SSPC on fire

Thread Starter


Joined Dec 21, 2022
SSPC was burned.

The SSPC manufacturer said the A/S period is over and they can't tell us the inside details because of security.

I thought the cause was a short circuit in the outer line. (Because I got a picture of the outer line cut by force.)

But SSPC trip when overloaded, and when I put on a load right before the trip, they can't get past the temperature of 75°C, 167°F.

(+This product uses four types of SSPCs.)

Can short circuit cause SSPC Fire?

An old SSPC is being used, but 75°C, 167°F are temperatures within the specification, so I am not sure if the load just before the trip is the cause of the fire.

I want to read other people's guesses about the cause of the fire.

Or if the temperature within the specification can cause a fire.

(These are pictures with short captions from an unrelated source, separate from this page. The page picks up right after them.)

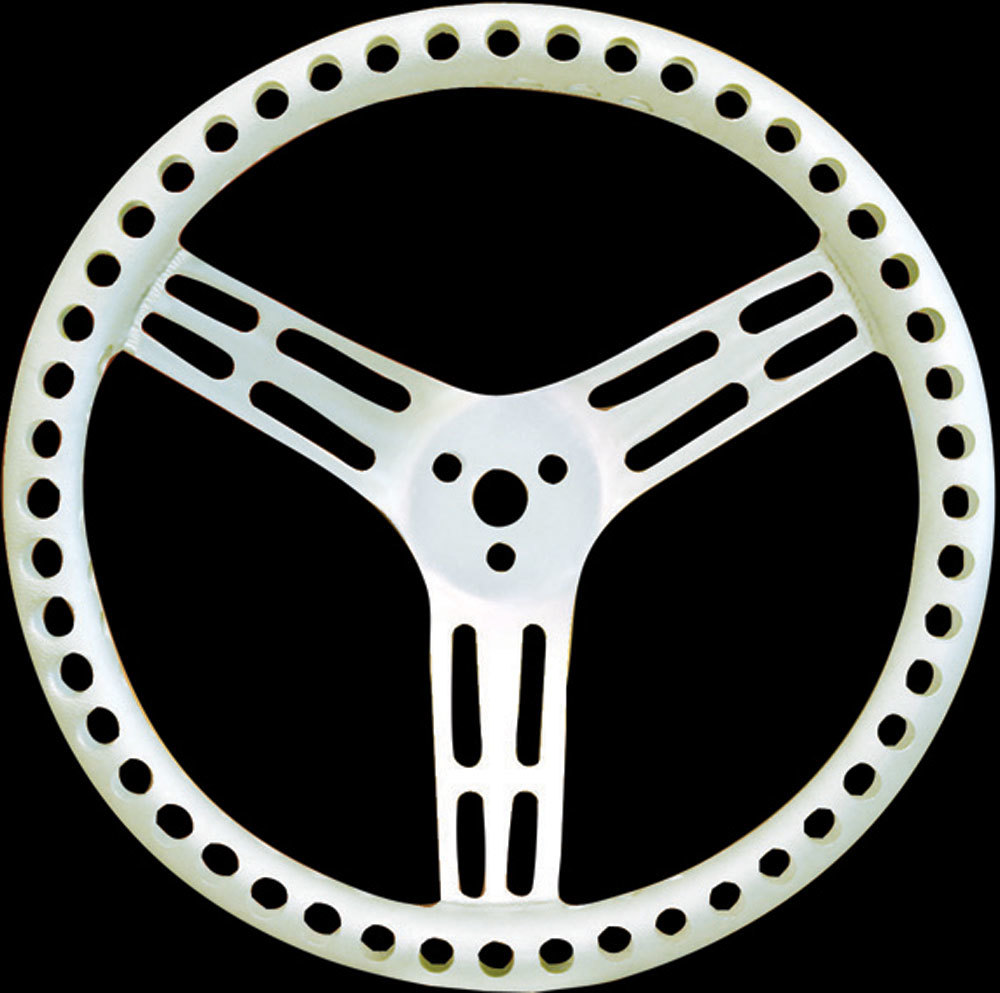 Longacre 52-56835 - Steering Wheel 14in Dished Drilled Natural
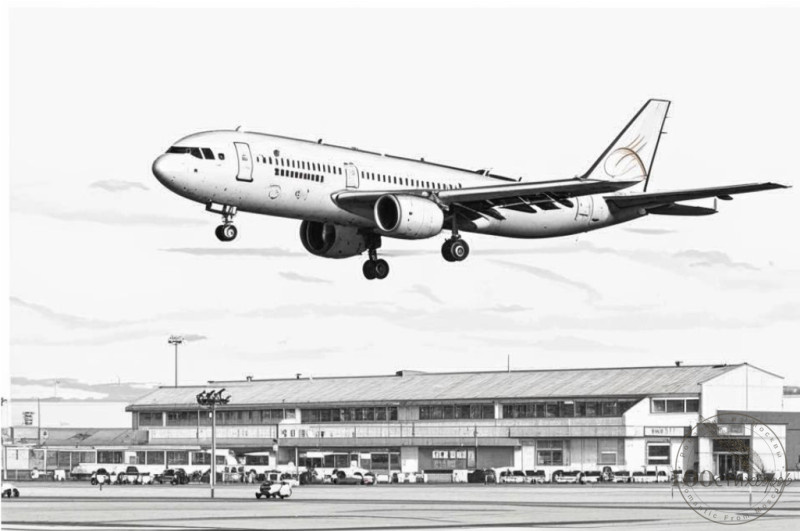 Стих про график рейсов
Кружащий самолет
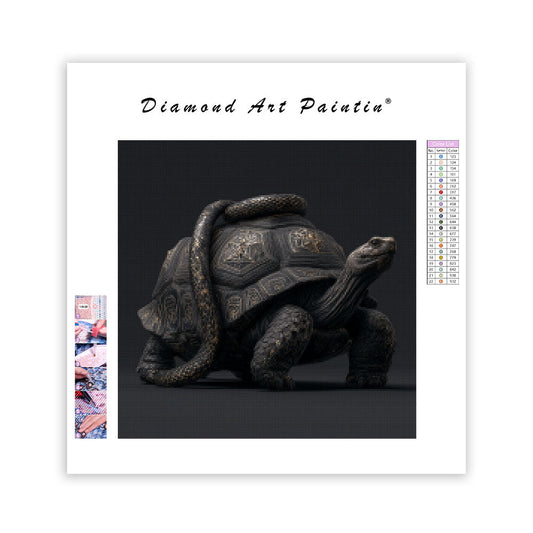 Black Tortoise - Diamond Painting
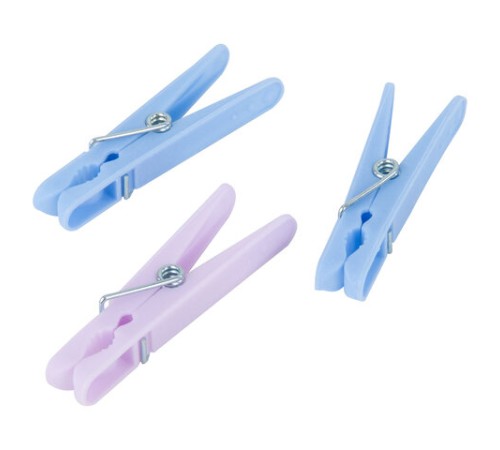 Прищепки бельевые 6,8 см, КОМПЛЕКТ 42 штуки, пластик, ассорти, PRIMILA (ПРИМИЛА) COMPACT, 700521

(+ Trip and inrush currents also operated within the specification. )

Thread Starter


Joined Dec 21, 2022
There is a power distribution box that our company makes.

It contains several SSPC(Solid-State Power Controllers).

And there was a call that this box, which has been used for more than 10 years, had a fire.

When I opened the box, I could see that the fire started in the SSPC.

And the middle of the power cable was cut off, so it is suspected to be a short circuit.

But I thought it was strange that the short circuit caused too much current to flow to the element, and this caused the fire.

The SSPC has a built-in function (trip) that blocks when too much current flows.

Sending enough current to stop the trip does not exceed 75°C.

(When the rated current is 20 A, and the trip is triggered at 30 A. If 29.8 A is spilled for an hour, the temperature is 75°C.)

However, this temperature is within the operating range, so I wonder if this really can cause fire.

Can the SSPC cause a fire due to overload? Or do you know any other cases that SSPC catch fire?

You might want to provide some information about just what incident you are referring to.


Joined Jan 23, 2018
Solid State Power Controller is a broad category and the request is for help with one specific UNKNOWN DEVICE. So answering questions about an unknown device as part of an unknown system, possibly subjected to unknown abuse, is not a simple task.

Certainly operation beyond design limits can cause damage and overheating in any system. That would include operation beyond designed current or power dissipation.
Normally overcurrent protection is provided prior to any equipment.